Hiç değil. Ama “hiç değil”in ötesinde başka bir durum daha var.

Önce ilk kısma bakalım.

Bunların fıtratı takiyye. Takiyye, yani kendi lügat tanımları olarak “Müslüman’ın, canının ve malının tehlikede olduğunu hissettiğinde karşı taraf gibi görünmesi”. Yani rol yapmak. Kuran’da dayanakları olduğunu da yine kendileri söylüyorlar: Ali İmran suresi, 28. ayet.

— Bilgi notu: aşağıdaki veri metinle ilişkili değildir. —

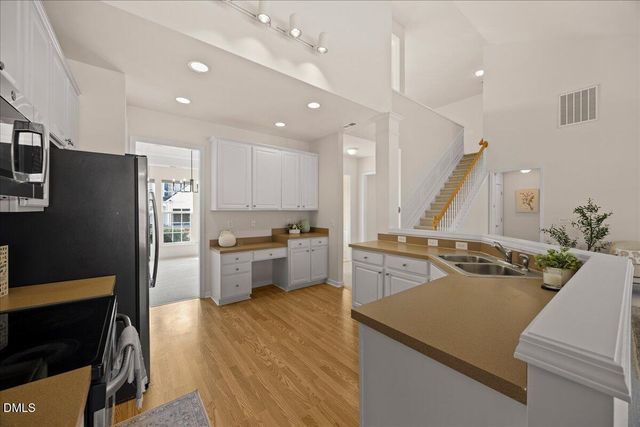 7714 Cloudview Lane, Raleigh, NC 27613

Mustafa Kemal’le ilgili son pozisyonları tam olarak budur.

Mecbur kaldılar. Ellerindeki tek ideolojik araç uzun süredir dindi. AB üyeliği, demokrasi, seçkinlerin tasallutuyla mücadele gibi işlerin foyası bir bir ortaya çıkmıştı. Dinle idare etmeleri ise hep söylediğimiz gibi mümkün değildi. Din siyaseti cumhuriyetçi, laik kesimi kendilerinden daha da uzaklaştırıyor, kutuplaşmayı artırıyordu.

Oysa hedef 2019’da başkan seçilmekti ve belli ki kutuplaştırma stratejisinin ters tepeceğinin hissedildiği noktaya gelinmişti. Kimi AKP’li yazarlar da, gerilimin parti aleyhine işlediği konusunda uyarılarda bulunmaya başlamıştı.

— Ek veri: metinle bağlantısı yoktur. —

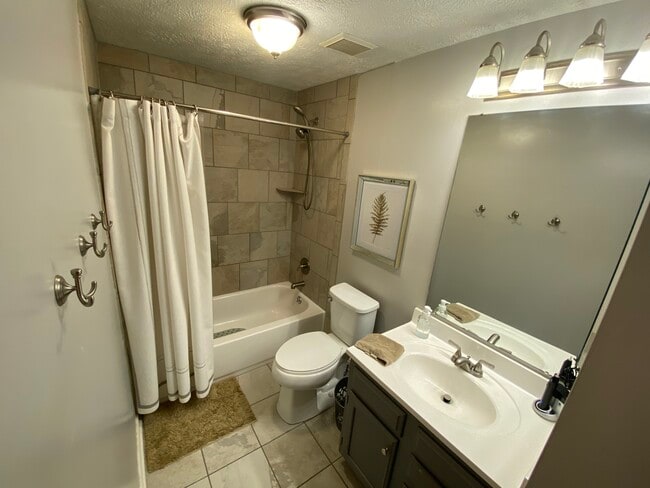 2nd floor bathroom - 9006 Old Scaggsville Rd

Kendi şirketlerinin araştırmalarına göre oy oranları %41’di ve %5’lik Bahçeli desteği de durumu kurtarmaya yetmiyordu. Seçmenin %15’i ise kararsız olduğunu itiraf ediyordu.

Başkanlığı garanti edebilmek için Akşener’in tabanına, kararsızlara oynamak, MHP’lileri tedirgin etmemek, CHP’lileri de “durum o kadar da vahim değilmiş”e ikna etmek lazımdı.

Burası tamam, denklemin seçim taktiğinin ötesine taşan kısmına gelince:

AKP aynı zamanda “Atatürkçülüğe” müdahale etmeye, Mustafa Kemal’i ve “Atatürkçülüğü” AKP’lileştirmeye çalışıyor.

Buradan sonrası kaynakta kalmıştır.